花鎖に甘咬み



煩わしげに片目をすがめた真弓は、無駄のない動きで的確に、青葉さんの急所に肘を打つ。



「がは……っ」



クリーンヒットの一撃に、青葉さんは腰を折った。

容赦なくもう一撃、背中に落とすと、青葉さんは膝をつく。




「あとは倉科、お前か」

「……甘いな本城」




呟いた純圭さんの背後から、ぞろぞろと男たちが現れる。

状況から察して、〈白〉のひとたちなのだろう。



真弓ひとりに、両手じゃとても足らない数の男の人たちが一斉に向かってくる。
さすがに、卑怯だ。



なんの躊躇もなく襲ってくる彼らを、身を翻しかわし、隙を見て反撃する。そのかたわら、片腕でずっと私を守ったまま。

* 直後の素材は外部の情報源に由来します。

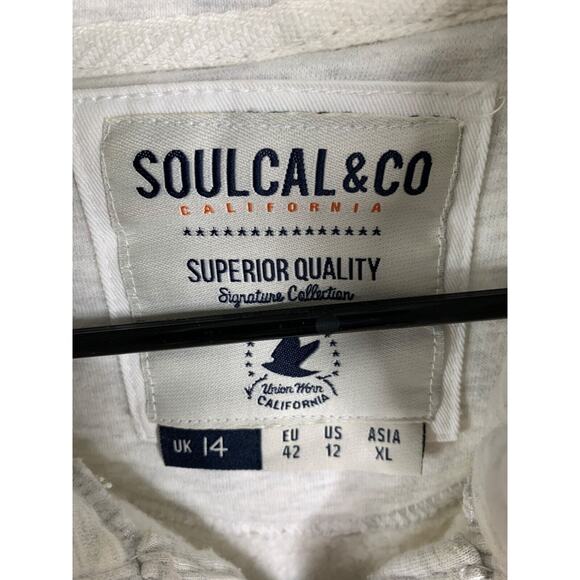 Soulcal & Co Kids Grey Zip-Up Hoodie Size 12 With Drawstrings & Patch Logo - Picture 5 of 6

「女なんて捨てればいいものを。本城にとっては簡単なことだろ?どうして効率の悪いことをする」




ホワイトブロンドの髪の奥で、純圭さんが怪訝に瞳をゆがめた。



真弓は、答えない。

代わりに、純圭さんの脇腹に拳を突き立てた。



まともに食らっているはずなのに、純圭さんは顔色ひとつ変えず。




「いくらお前でも、これだけの数を相手するのは不可能だ。ましてや、ソレを守りながらなんて」




純圭さんの言う通りだった。


器用にいなしてはいるものの、私たちの回りにはぐるりと取り囲むように人垣ができている。北川の使用人に囲まれたときより、幾分も分厚い壁が一斉に牙をむく。



この壁を破るより、真弓の体力が尽きる方が、おそらく先だということは……私でも、わかる。